Gary Player tips Lefty and Rory

Gary Player sees Phil Mickelson as the clear favourite for this week’s 75th Masters, but he is not ruling out Rory McIlroy.

Gary Player sees defending champion Phil Mickelson as the clear favourite for this week’s 75th Masters, but he is not ruling out Northern Ireland’s Rory McIlroy as a possible winner.

South Africa’s 75-year-old, nine-time Major champion told Reuters at Augusta National on Monday that Mickelson’s three-shot victory at the Shell Houston Open on Sunday was a “very significant thing that’s given him, coming in here, a big psychological lift”

“He’s got to be saying: ‘I’m going to win.'” Player said.

“It’s a feeling you get and it’s a positive feeling that you have and either you have it or you don’t. It’s not something you can say you manufacture.

“So without question, Phil is the favourite right now.”

Player would not be surprised, however, if the 21-year-old McIlroy confounds all the odds and wins his first Major instead.

“Rory McIlroy is so talented,” he said. “I’ve got a feeling about him. I don’t know why.

“He is ready to come through. I just love the way he plays golf. However we won’t really know if he is able to rise to the occasion (in a Major) until he comes down the line (on Sunday) and is leading.

“You never know who has got what I call the ingredients. The swing is not the thing. It’s what’s inside that makes you win. And you don’t know if you have it until you are tested.”

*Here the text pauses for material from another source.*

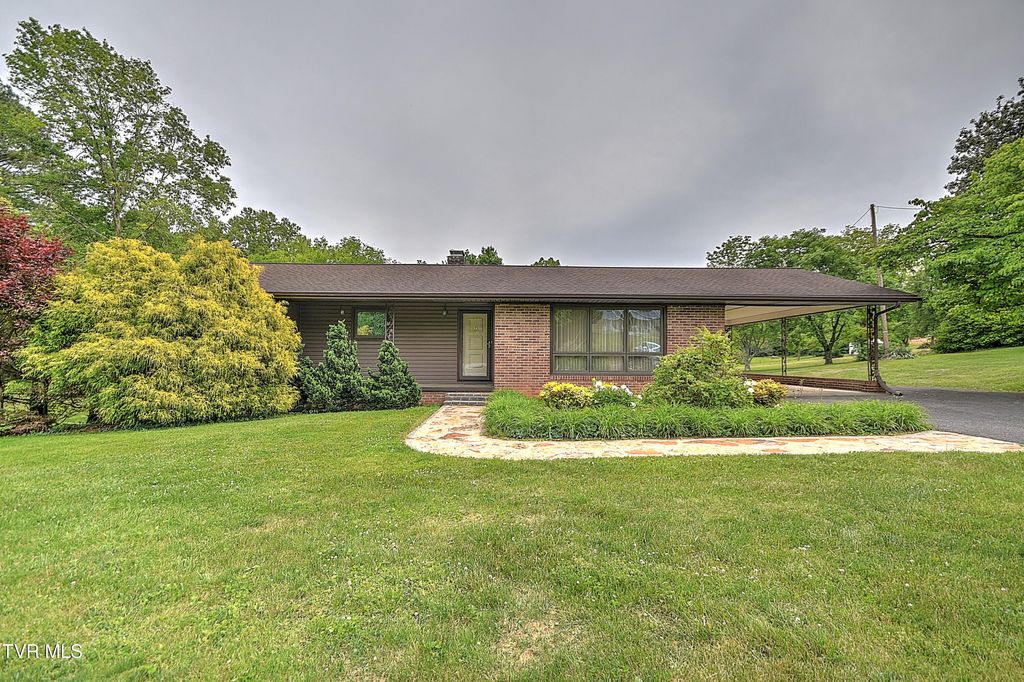 Photo of 1921 Edens Ridge Road, Kingsport, TN 37664 (MLS # 9994978)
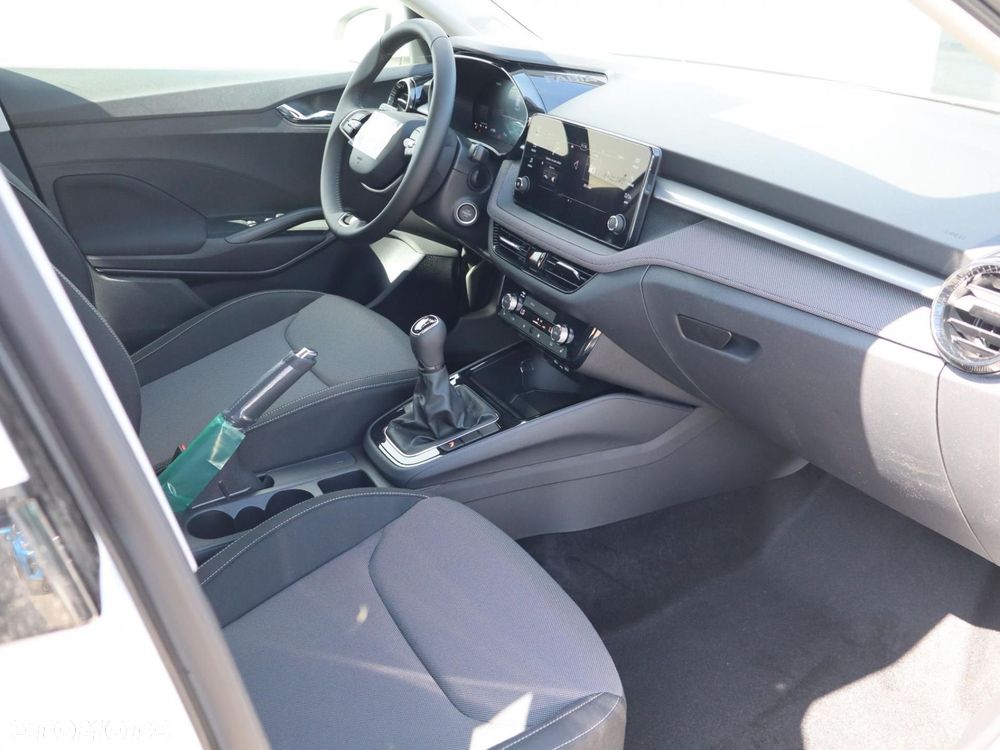 Skoda Fabia 1.0 TSI Drive - 6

McIlroy blazed into the golf spotlight last year with a stunning final round 62 that rocketed him to victory in the Quail Hollow Championship and although this remains his only US PGA Tour victory and he has yet to feature strongly in a major, Player sees the world number nine as one of the greatest of the 21st Century’s exciting new crop of young lions whose high ball flight and ability to go lower than most mark him as a major threat to the established stars.

And of these, Player, who was hailed during his hey-day in the mid 20th Century alongside Jack Nicklaus and Arnold Palmer as one of the ‘Big Three’, is not so sure about the chances of a wounded Tiger Woods rebounding this week and winning a fifth Green Jacket.

At the same time as Mickelson was moving up from sixth to third on the World Rankings list on Monday on the strength of his Houston heroics, Woods, who took the week off, was slipping further down the Ranking list from fifth to seventh after a winless drought that has existed since his win at the Australian Masters late in 2009 and the fall from grace in his private life that followed shortly afterwards.

Player said of Woods: “I am surprised he has not won since then, but his swing has been out of kilter,

“He’s been to quite a few different (swing) coaches and I think that’s a thing you’ve got to be careful about; that you don’t get paralysis by analysis. Change is okay as long as you’re making the right change.

“Particularly over the last year, when, in my opinion, I have noticed quite a few flaws in his swing, But golf is like genetics. You know a hang of a lot about nothing.”

Player, a three-times Masters champion, felt Woods was still capable of enhancing his reputation as one the greatest scorers of all time.

“Of all the super stars that I have seen, Tiger Woods was on his way to being the best scorer that ever lived,” he said. “The best player that ever lived was Ben Hogan. But that’s not what they pay you for. They pay you for a score.

“Golf is a humbling game and you don’t know if it (your form) will come back. But I’ve always said if anybody was going to break (Jack) Nicklaus’s record (of 18 majors) it would be Tiger.

“It’s food for thought now, though. Will he do it? The man is very focused and he has a passion, but you don’t know what happening inside. You can give an opinion but none of us really know.”